Ah well! back to real work and time to relax! Sorry, is this paradise or something.
On 20th December all the volunteers left the site and took with them the majority of the staff who were having a well earned break. But that left a few of us on site to pick up all the pieces and sort out 3 years worth of accumulated junk. In addition to having to sort out a lot of stuff, we were fumbling everything and were super-inefficient as the staff who had gone had also taken with them a lot of their accumulated knowledge and expertise!
Who planned a 5am dive for the first day??
Well, lets just say that the mind was willing, the body wasn't totally capable. Getting up in the dark and having to dig out a fleece to keep warm and find all my dive gear with a feeble torch was a sleepy and very inefficient process. Not mentally prepared to find out that there didn't seem to be a fuel key anywhere around and all the key protectors had left site. Breaking the door down started to look like a distinct possibility until the discovery of another keyholder but that was to a second lock (which revealed the lock to which we did have a key). Bingo.

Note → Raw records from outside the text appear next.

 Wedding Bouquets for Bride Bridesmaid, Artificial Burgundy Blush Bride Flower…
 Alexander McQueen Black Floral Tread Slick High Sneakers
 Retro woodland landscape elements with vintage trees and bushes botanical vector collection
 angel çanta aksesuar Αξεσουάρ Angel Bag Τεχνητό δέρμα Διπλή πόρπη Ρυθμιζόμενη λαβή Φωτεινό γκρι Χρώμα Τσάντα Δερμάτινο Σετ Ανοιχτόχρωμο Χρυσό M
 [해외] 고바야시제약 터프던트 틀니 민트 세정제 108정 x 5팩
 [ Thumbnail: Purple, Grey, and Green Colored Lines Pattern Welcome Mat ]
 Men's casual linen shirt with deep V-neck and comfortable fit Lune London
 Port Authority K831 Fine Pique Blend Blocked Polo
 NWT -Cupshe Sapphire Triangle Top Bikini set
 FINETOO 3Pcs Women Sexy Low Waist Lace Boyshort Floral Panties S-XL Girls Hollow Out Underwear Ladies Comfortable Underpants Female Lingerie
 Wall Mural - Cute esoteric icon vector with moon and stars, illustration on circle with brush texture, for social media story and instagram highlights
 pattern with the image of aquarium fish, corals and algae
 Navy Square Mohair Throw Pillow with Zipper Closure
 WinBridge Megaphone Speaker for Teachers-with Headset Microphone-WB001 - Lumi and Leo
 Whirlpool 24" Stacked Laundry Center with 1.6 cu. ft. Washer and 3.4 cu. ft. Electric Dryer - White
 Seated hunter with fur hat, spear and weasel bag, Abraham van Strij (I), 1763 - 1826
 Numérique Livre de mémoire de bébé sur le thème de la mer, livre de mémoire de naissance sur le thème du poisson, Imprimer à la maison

I also had to go on the death march a couple more times to retrieve the satellite phones, then to collect another GPS to get the correct points for our sites. All this was undertaken wearing a full 5mm wetsuit in the now 28degree sunny weather over ultra reflective white white sand. Slightly uncomfortable!
But so worth it! The dives were fantastic.
A double dive: Andravamaike: Sea Mount at 25m. A myriad of large schools of large fish(unicorn fish, snappers), a 1.5m potato grouper who just hung around, a couple of large barracudas, a massive mackerel which dwarfed the shark that was apparently in the distance (we all got distracted). Slight current but that just enabled us to drift through all the schools. Fantastic, unfortunately as it was a deep dive we were restricted to 20minutes.
FAD Fish Aggregating Device: This dive was to check out whether there really were many large fish, pelagic predators hanging around the device set at the surface of 300m (in the deep blue). Some talk of sharks, deep, deep water in the open blue and near where the shark fishermen cast their nets had me slightly nervous, but hey, I have neoprene and lots of bubbles. This was the reason for the full length 5mm suit, no flesh showing means I look nothing like a tasty fishy!
A good dive just to hang out in the open ocean, see the FAD, see lots of little juvenile golden trevally etc, but no big fish. At least none that I saw! Apparently there was a 2.5m shark cruising just above and around us, but I managed to miss the whole thing. I got that there was some alert (shouting through the regulator) but didn't see a sausage. Needless to say the snorkeler above was well out of the water!
Was pretty pleased with myself having taken my first lot of good underwater photos, sure some of them will be badly out of focus, but the charismatic grouper was dead still for the perfect shot. Of course there is a reason for me to congratulate myself in that previously Alasdair the Boss/coral freak, extracted all the photos from the camera and proceeded to delete all the fish pictures as they weren't of interest to him 'Why? Because there were no coral pictures!' Yep, that was the only copy and pretty much it. So I was upset.
OK that was just one morning. The rest of Christmas was taken up with doing chores mainly and the odd dive. Most of the staff left on site had cut feet and weren't able to get into the water so diving was off!
An odd Christmas time really, too much to do, not enough time. Really quite a whirlwind. The day we did take off to visit the fancy Italian hotel, it rained and rained, and it was a long walk there (1hr20mins), but we managed to get a lift in a truck on the way back. The food, though nice, just happened to be pretty much the same as we had for our evening meal, rubbish!
Ah well! back to real work and time to relax! Sorry, is this paradise or something.